# Data Analysis with Machine Learners
## Table of Contents
- Overview
- Import dataset
- Exploratory Data Analysis
- Conclusions

## Overview
In this notebook I will perform Data Analysis on [2021 Kaggle Machine Learning & Data Science Survey dataset](https://www.kaggle.com/c/kaggle-survey-2021). So we can discover some insights on Machine Learning Industry. We can learn following information:
* What are basic informations of Machine Learners?
* What tools / skills do Machine Learners use or pay attention to? 
* Where do Machine Learners start Machine Learning Journey from?
* What Platforms do Machine Learners Share notebooks and idea?
* What do they do in their job?

## Import dataset

In [None]:
import pandas as pd
import seaborn as sns
import numpy as np
import matplotlib.pyplot as plt
data = pd.read_csv("/kaggle/input/kaggle-survey-2021/kaggle_survey_2021_responses.csv")
questions = data.iloc[0]
columns = questions.index
question_values = list(questions)
data = data[1:]
data.head()

In [None]:
def visualize(data, key, kind="bar", max_count=None):
    value_counts = data[key].value_counts()
    keys = [item.split("(")[0] for item in value_counts.index]
    df = pd.DataFrame({key: keys, "count": list(value_counts)})
    if max_count is not None and len(value_counts) > max_count:
        df_others = df[max_count + 1:]
        df = df[:max_count].copy()
        df_others_sum = df_others["count"].sum()
        if "Other" in list(df_others[key]):
            df.append({key: "Other", "count": df_others_sum})
        else:
            index =keys.index("Other")
            df.loc[index, "count"] += df_others_sum
        df.sort_values(by="count", ascending=False, inplace=True)
    if kind == "bar":
        sns.barplot(x="count", y=key, data=df, orient = 'h')
    if kind == "pie":
        plt.pie(df["count"], labels=df[key], startangle = 90, counterclock = False)
        plt.legend(loc='upper right', bbox_to_anchor=(1.2, 0.2))
    plt.show()

In [None]:
def visualize_user_counts(key, begin, end, title=""):
    keys = []
    user_counts = []
    for i in range(begin, end):
        values = list(data[data.columns[i]].unique())
        for value in values:
            if type(value) == str:
                keys.append(value)
        user_count = data[data[data.columns[i]] == keys[-1]].shape[0]
        user_counts.append(user_count)
    keys = [item.split("(")[0] for item in keys]
    statics_info = pd.DataFrame({key: keys, "user_count": user_counts})
    statics_info["percentage"] = statics_info["user_count"].apply(lambda item: item / data.shape[0])
    statics_info.sort_values(ascending=False, by="user_count", inplace=True)
    sns.barplot(x="user_count", y=key, data=statics_info, orient = 'h')
    if len(title) > 0:
        plt.title(title)
    plt.show()
    print(statics_info[[key, "percentage"]])

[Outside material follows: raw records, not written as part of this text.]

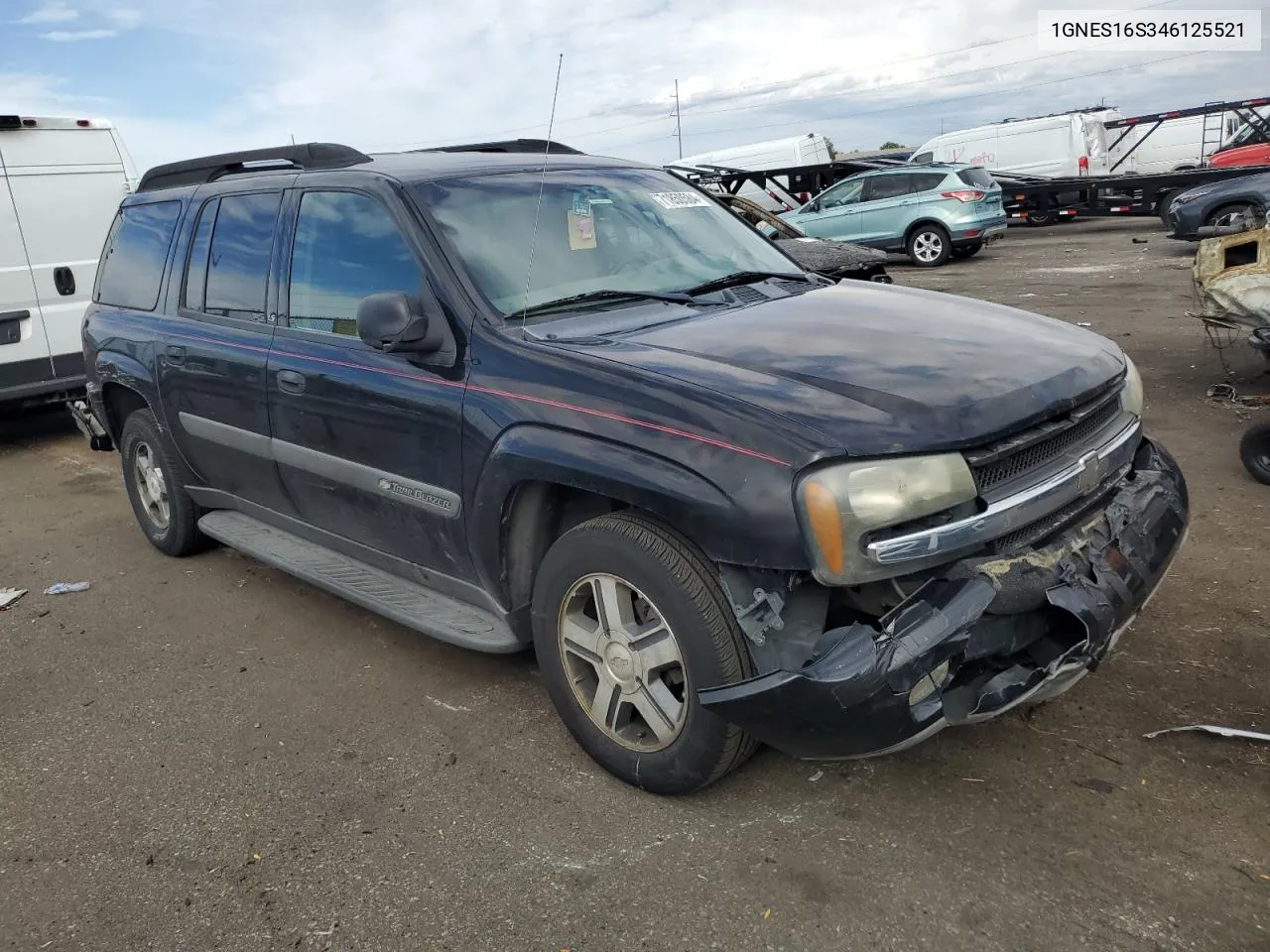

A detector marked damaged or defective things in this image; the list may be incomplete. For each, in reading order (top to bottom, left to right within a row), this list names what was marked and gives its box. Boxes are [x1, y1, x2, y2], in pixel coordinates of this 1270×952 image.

crumpled bumper cover [700, 438, 1183, 762]
damaged front bumper [700, 438, 1183, 762]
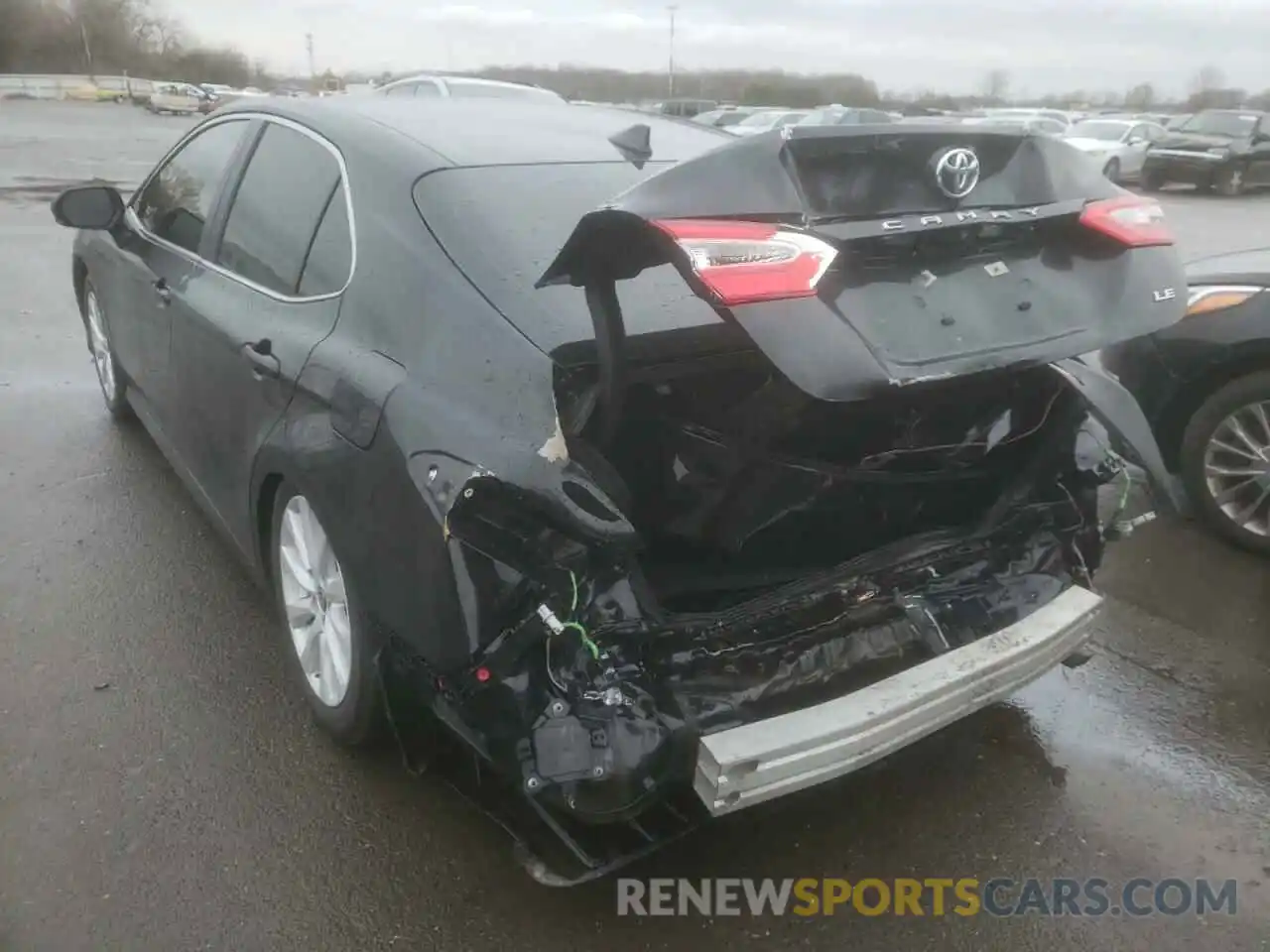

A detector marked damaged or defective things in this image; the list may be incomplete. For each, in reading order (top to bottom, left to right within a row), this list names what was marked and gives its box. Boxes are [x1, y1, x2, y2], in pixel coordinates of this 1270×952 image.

damaged gray sedan [49, 95, 1183, 878]
crushed rear end [401, 123, 1183, 883]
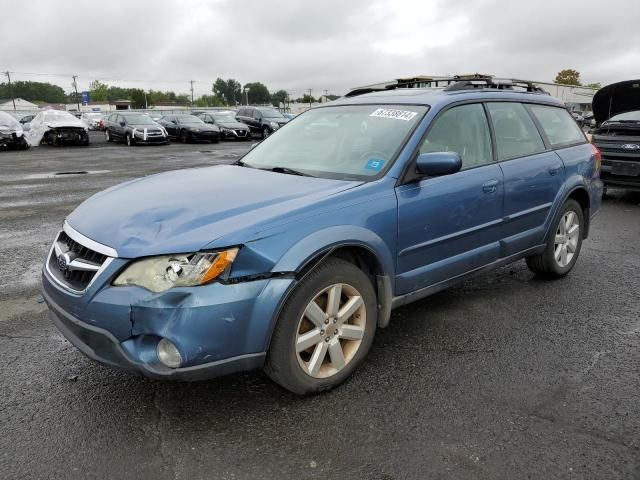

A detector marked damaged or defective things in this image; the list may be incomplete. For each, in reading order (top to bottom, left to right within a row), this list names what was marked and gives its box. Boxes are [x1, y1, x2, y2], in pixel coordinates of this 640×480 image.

crumpled hood [592, 79, 640, 124]
crumpled hood [70, 164, 362, 258]
damaged front bumper [42, 256, 296, 380]
broken headlight lens [112, 248, 238, 292]
cracked pavement [1, 132, 640, 480]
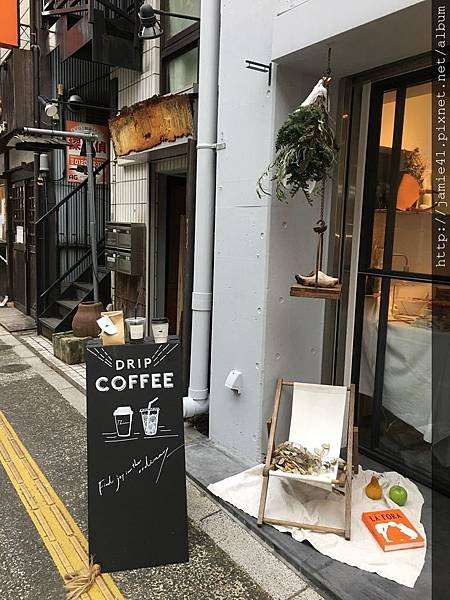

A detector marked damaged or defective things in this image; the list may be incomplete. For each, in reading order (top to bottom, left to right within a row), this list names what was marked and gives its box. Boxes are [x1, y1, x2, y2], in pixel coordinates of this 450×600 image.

rusty metal panel [110, 94, 194, 157]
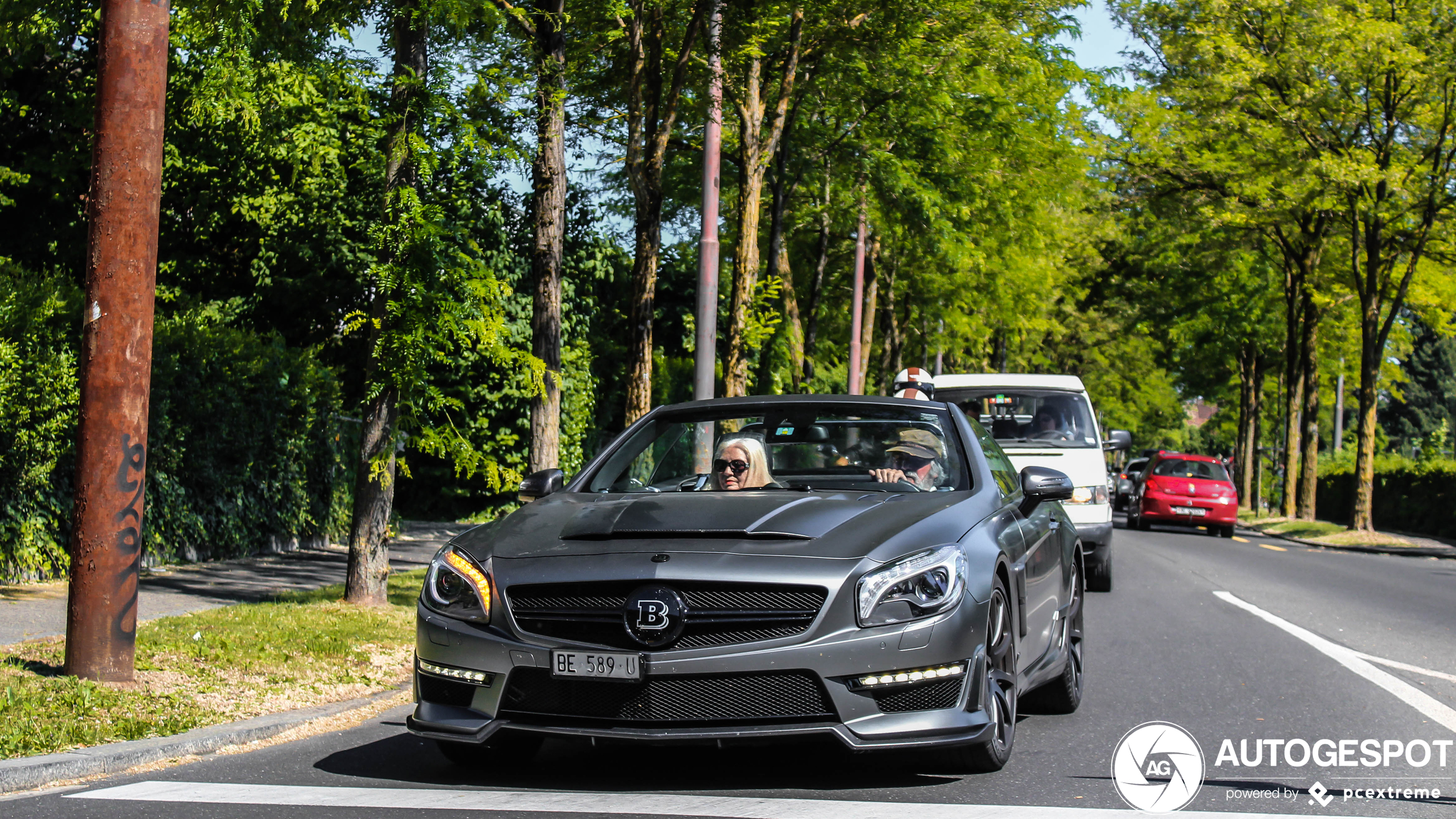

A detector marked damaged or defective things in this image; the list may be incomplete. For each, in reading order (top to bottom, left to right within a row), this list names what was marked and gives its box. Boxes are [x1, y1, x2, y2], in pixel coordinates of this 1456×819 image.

rusty metal pole [65, 0, 169, 683]
rusty metal pole [690, 0, 719, 474]
rusty metal pole [844, 205, 862, 398]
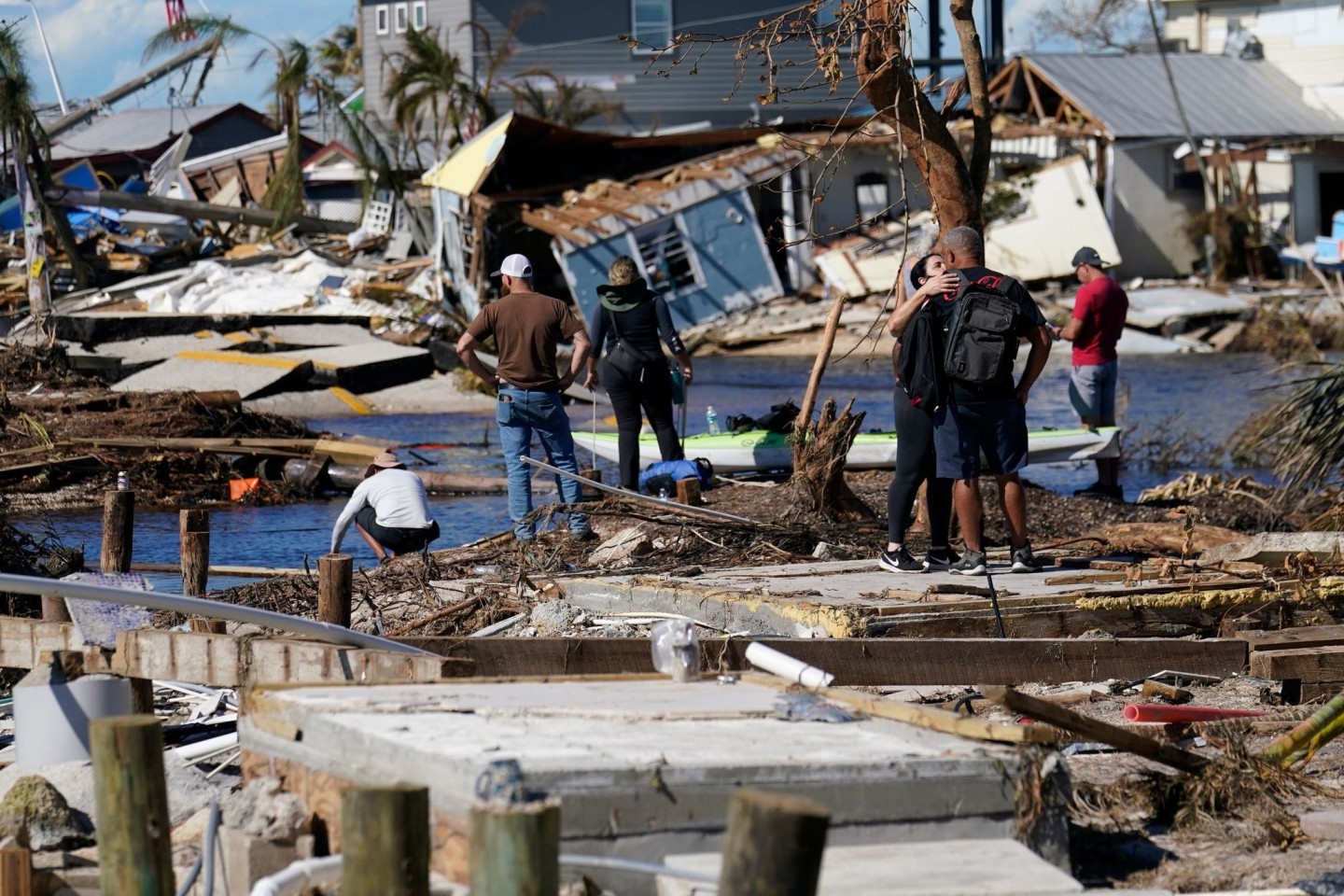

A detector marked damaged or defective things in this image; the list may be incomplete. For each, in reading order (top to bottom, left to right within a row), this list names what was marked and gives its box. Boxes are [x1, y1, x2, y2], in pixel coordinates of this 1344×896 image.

broken window [628, 0, 672, 53]
damaged roof [1000, 54, 1344, 140]
damaged roof [518, 144, 801, 248]
broken window [860, 172, 892, 222]
broken window [631, 218, 704, 295]
broken concrete block [591, 526, 652, 567]
broken concrete block [1204, 531, 1344, 567]
broken concrete block [0, 774, 93, 854]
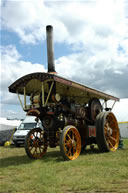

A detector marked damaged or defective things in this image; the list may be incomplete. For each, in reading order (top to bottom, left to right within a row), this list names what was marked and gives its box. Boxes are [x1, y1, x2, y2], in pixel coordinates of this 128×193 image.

rusty metal body [8, 25, 120, 160]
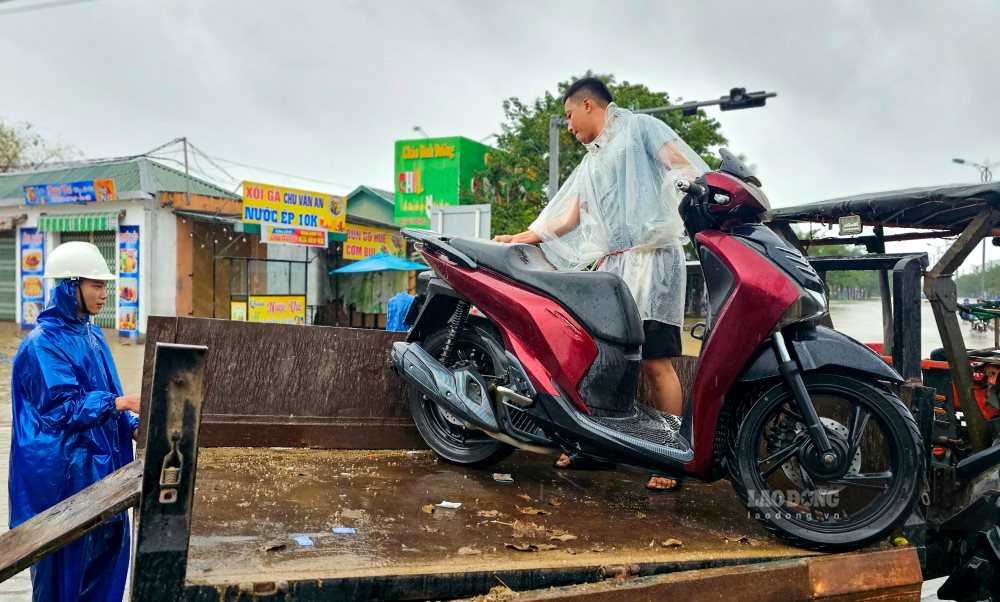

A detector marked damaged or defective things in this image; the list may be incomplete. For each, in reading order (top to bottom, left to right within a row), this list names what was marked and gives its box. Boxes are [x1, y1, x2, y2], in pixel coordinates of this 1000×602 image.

rusty metal bracket [920, 205, 1000, 450]
rusty metal bracket [130, 342, 208, 600]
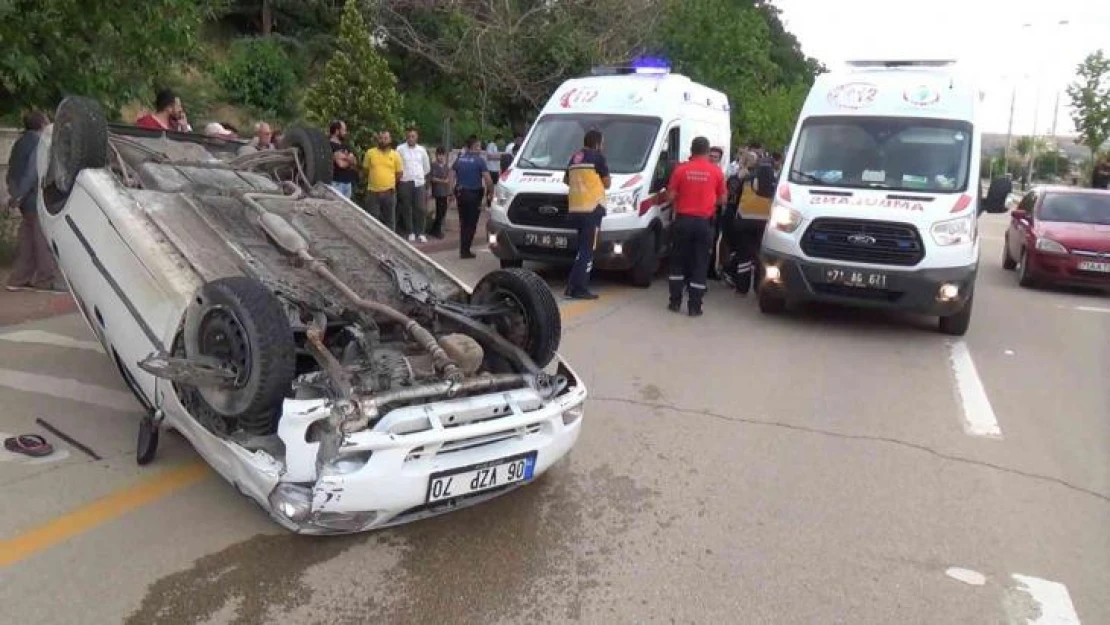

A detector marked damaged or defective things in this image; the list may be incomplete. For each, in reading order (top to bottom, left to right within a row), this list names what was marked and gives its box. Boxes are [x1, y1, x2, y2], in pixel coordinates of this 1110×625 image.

overturned white car [34, 96, 592, 532]
damaged front bumper [262, 358, 592, 532]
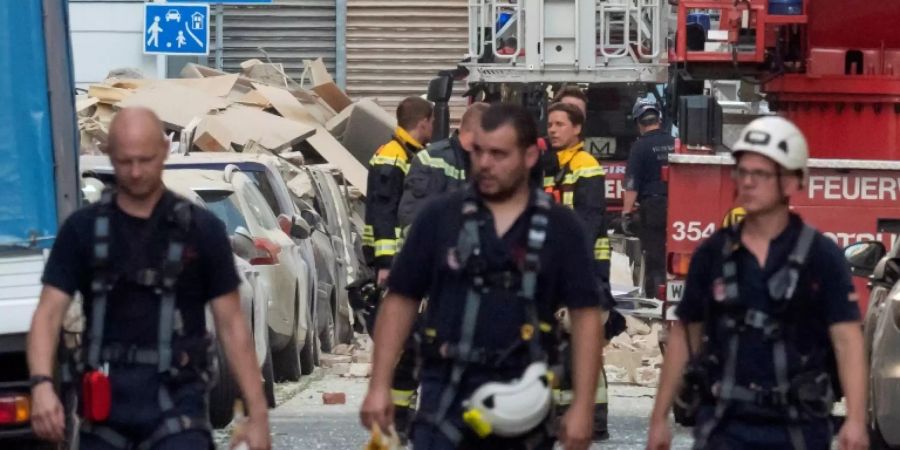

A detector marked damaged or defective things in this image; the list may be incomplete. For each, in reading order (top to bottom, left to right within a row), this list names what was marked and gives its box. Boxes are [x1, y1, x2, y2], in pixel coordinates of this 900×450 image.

## Exploratory Data Analysis

### Age Distribution of Machine Learners

In [None]:
visualize(data, "Q1")

### Gender Distribution of Machine Learners

In [None]:
visualize(data, "Q2")

### Where are Machine Learners from?
Top 10 countries are India, US, Japan, China, Brazil, Rusia, Nigeria, UK, Pakistan, Egypt.

In [None]:
visualize(data, "Q3", max_count=20)

### What are Education Backgournds of Machine Learners?
Most Machine Learners' degree are Master and Bachelor. About 12% of people's degree are Doctor or Professional Doctorate. There are still 7% of people who doesn't have college degree. Having a PHD or Master Degree is benificial, but you can also go on with Machile Learning with Bachlor degree or even without a degree.

In [None]:
visualize(data, "Q4")

### What are title of Machine Learners?

In [None]:
visualize(data, "Q5")

### What are Code Experience of Machine Learners?

In [None]:
visualize(data, "Q6")

### What Programming Language do Machine Learners use?
Except for Data Science Skills like Python, SQL, R, Matlab, many people also have C/C++/Java/JavaScript skills. It's not hard to understand, many people from other stacks may want to change to a Data Career, and deploying AI solutions requires backend skills.

In [None]:
visualize_user_counts("Language", 7, 20, "User counts of Programming Languages")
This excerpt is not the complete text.